- What is needed:
Copy the records below exactly, leaving out any pictures.

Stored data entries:
==*==

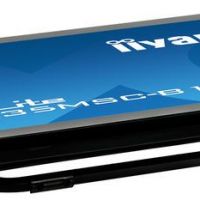 Монитор ЖК IIYAMA ProLite T2235MSC-B1 22, черный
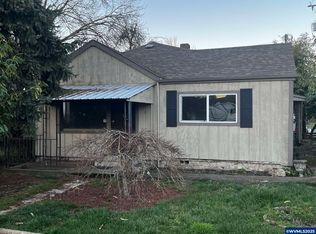 4121 SE Whiteson Rd, McMinnville, OR 97128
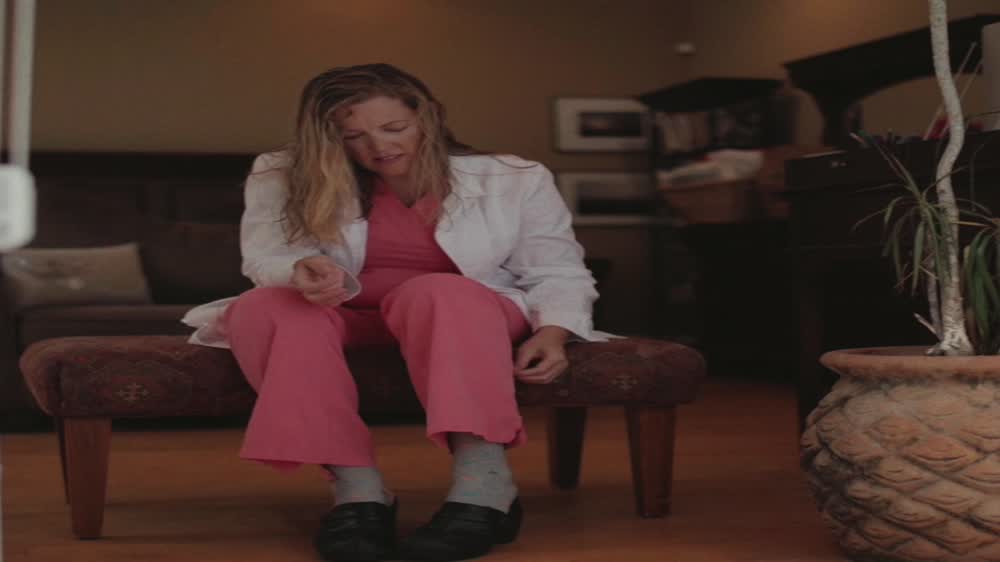 VIMG VGR x Joslyn O'Conor Bear, APRN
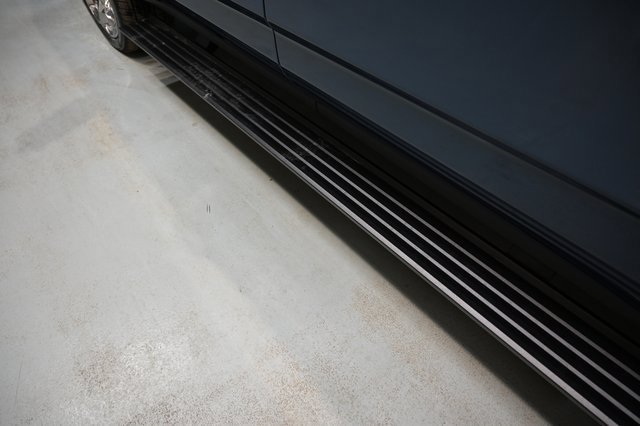 New 2026 Chevrolet Suburban High Country w/ LPO, Chrome Package image 30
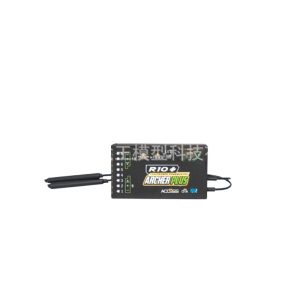 Frsky ARCHER PLUS R10 plus Receiver 10 Channel PWM Output Strong Anti Interference
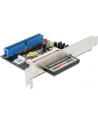 ADAPTER IDE 40PIN->COMPACT FLASH NA ŚLEDZIU - nr 25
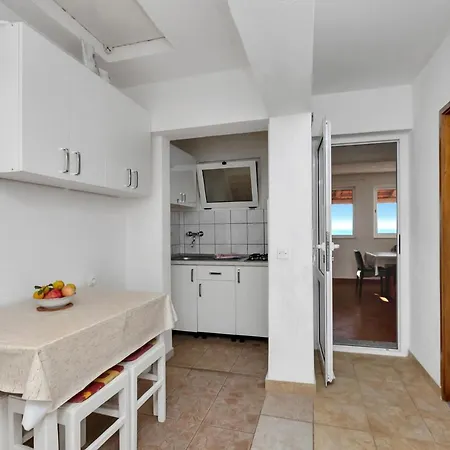 Apartments Milivoj Bogomolje Exterior photo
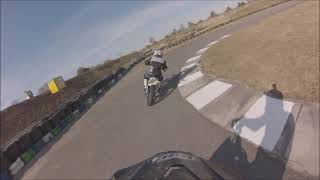 Supermoto Bad Fischau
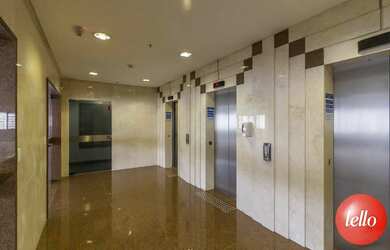 Imagem 4: São Paulo - Conjunto Comercial/sala - Brooklin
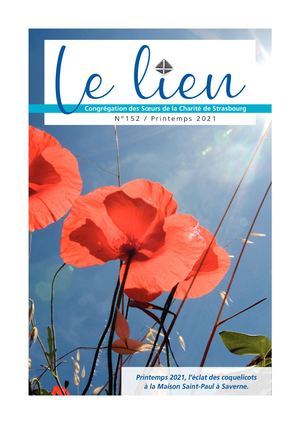 Le Lien N°152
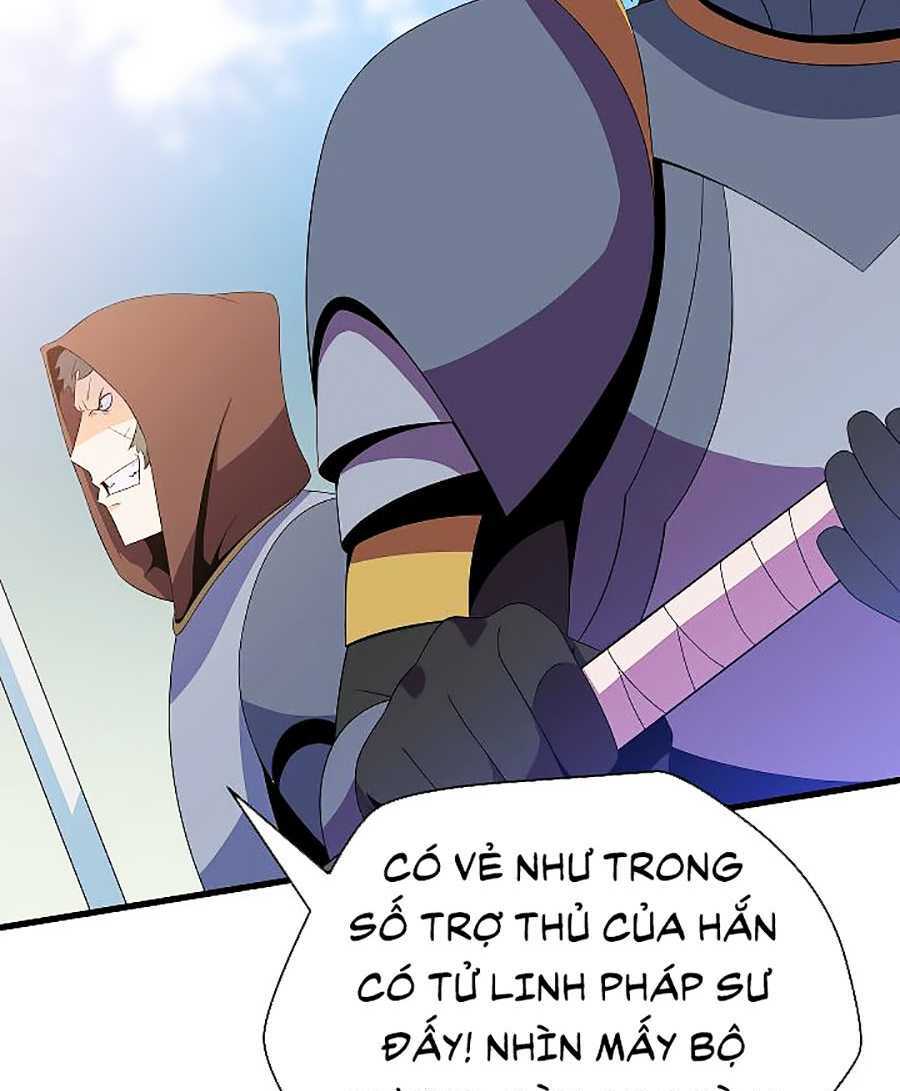 Kẻ Săn Anh Hùng Chapter 43 - Trang 2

==*==

- Task result:
 Монитор ЖК IIYAMA ProLite T2235MSC-B1 22, черный
 4121 SE Whiteson Rd, McMinnville, OR 97128
 VIMG VGR x Joslyn O'Conor Bear, APRN
 New 2026 Chevrolet Suburban High Country w/ LPO, Chrome Package image 30
 Frsky ARCHER PLUS R10 plus Receiver 10 Channel PWM Output Strong Anti Interference
 ADAPTER IDE 40PIN->COMPACT FLASH NA ŚLEDZIU - nr 25
 Apartments Milivoj Bogomolje Exterior photo
 Supermoto Bad Fischau
 Imagem 4: São Paulo - Conjunto Comercial/sala - Brooklin
 Le Lien N°152
 Kẻ Săn Anh Hùng Chapter 43 - Trang 2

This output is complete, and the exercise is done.